Strategic Communications and Marketing News Bureau

Book Corner: Parallels between individual and collective memory examined

Memories are essential to our personal identities, and to understanding life and our surroundings. The book, “Individual and Collective Memory Consolidation” (MIT Press), co-written by a multidisciplinary team of researchers at the UI, explores the process by which we organize and retain memories.

The authors’ primary thesis is that similar processes shape personal and group memories. Groups of people share information and build collective memories that are “different than the sum of the isolated memories of the individuals,” they wrote.

The authors suggest that collective retrograde amnesia – the mutual loss of memories of events (that occurred prior to a large-scale social trauma, for example) – also occurs.

For example, many Chinese lost their memories of certain traditions after the Chinese Cultural Revolution of the late 1960s and early ’70s.

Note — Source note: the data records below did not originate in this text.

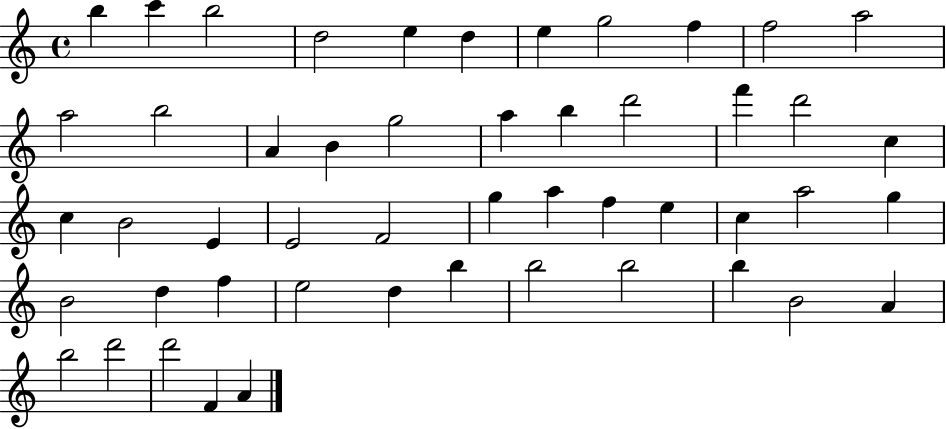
X:1
T:Untitled
M:4/4
L:1/4
K:C
b c' b2 d2 e d e g2 f f2 a2 a2 b2 A B g2 a b d'2 f' d'2 c c B2 E E2 F2 g a f e c a2 g B2 d f e2 d b b2 b2 b B2 A b2 d'2 d'2 F A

The communists had eliminated many religious leaders and other “opinion leaders” who were responsible for solidifying the people’s long-term religious, historical and literary memories. Unlike their counterparts in areas of northern Thailand and Taiwan, many mainland Chinese lost their memories of subjects that were forbidden under the new regime.

The prominent figures in a society who actively shape collective memory – the primary “memory makers,” according to the authors – are often targeted by regimes that aim to suppress previous ideas and promote their own. In the China example, the authors write, “the Chinese Communist Party tried to replace traditional Chinese culture (and collective memory) with Marxism and state approved memories.”

People rely on intellectuals, academics and artists as well as politicians and government officials to make decisions for the group, and often it is these figures who give meaning and stability to memories of recent and older events, the authors wrote.

Every person plays a part in long-term memory formation; it just depends on how involved they want to be, said Thomas Anastasio, a professor of molecular and integrative biology at Illinois and a co-author of the book.

“There are people who make the news, and there are those who decide the meaning of the news and whether that should be part of collective memory,” he said.

Co-authors also include history graduate student Kristen Ehrenberger, cognitive neuroscience graduate student Patrick Watson and anthropology graduate student Wenyi Zhang.